Module Name: src
Committed By: jdolecek
Date: Sun Jul 23 14:14:44 UTC 2017
Modified Files:
src/sys/dev/ic [jdolecek-ncq]: ahcisata_core.c
Log Message:
rework the error handling and recovery, so that errors during the recovery
are handled correctly, and the recovery more closely follows the spec
this fixes e.g.
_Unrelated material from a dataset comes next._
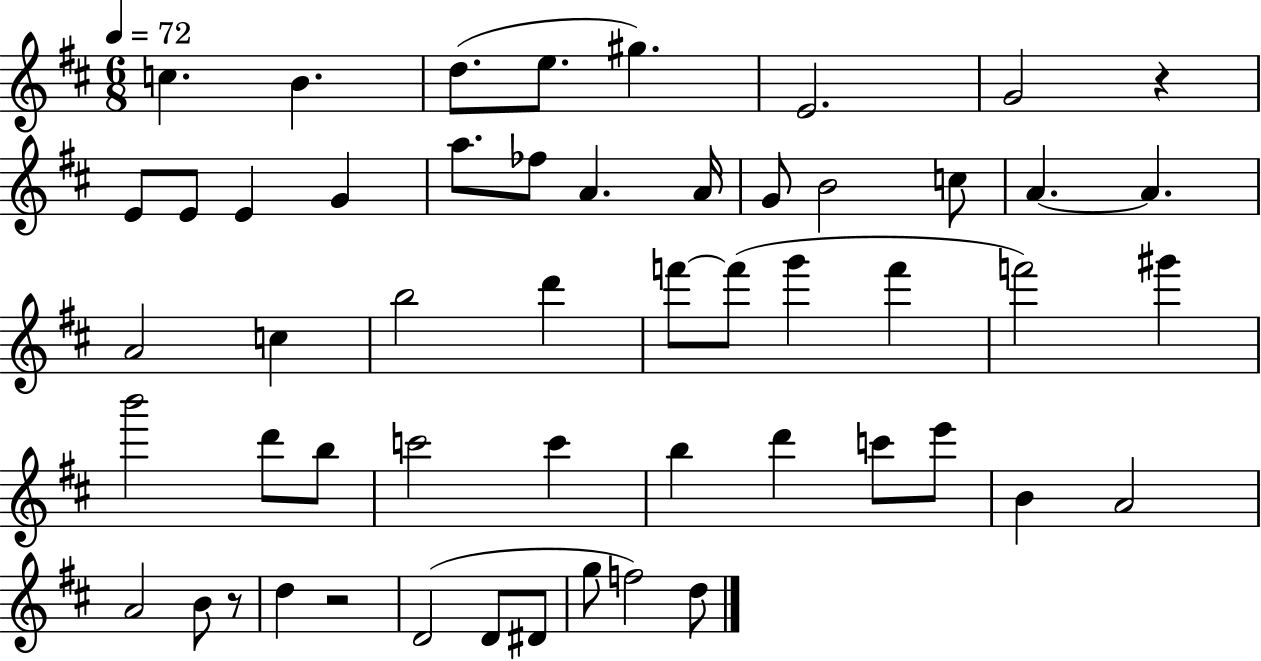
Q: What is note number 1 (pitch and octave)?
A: C5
NCQ error handling under QEMU, which doesn't implement
READ LOG EXT - previous code actually made the call 'succeed', returning bogus
(zero) slot/error/status
finished xfers are still handled before entering recovery (with channel frozen)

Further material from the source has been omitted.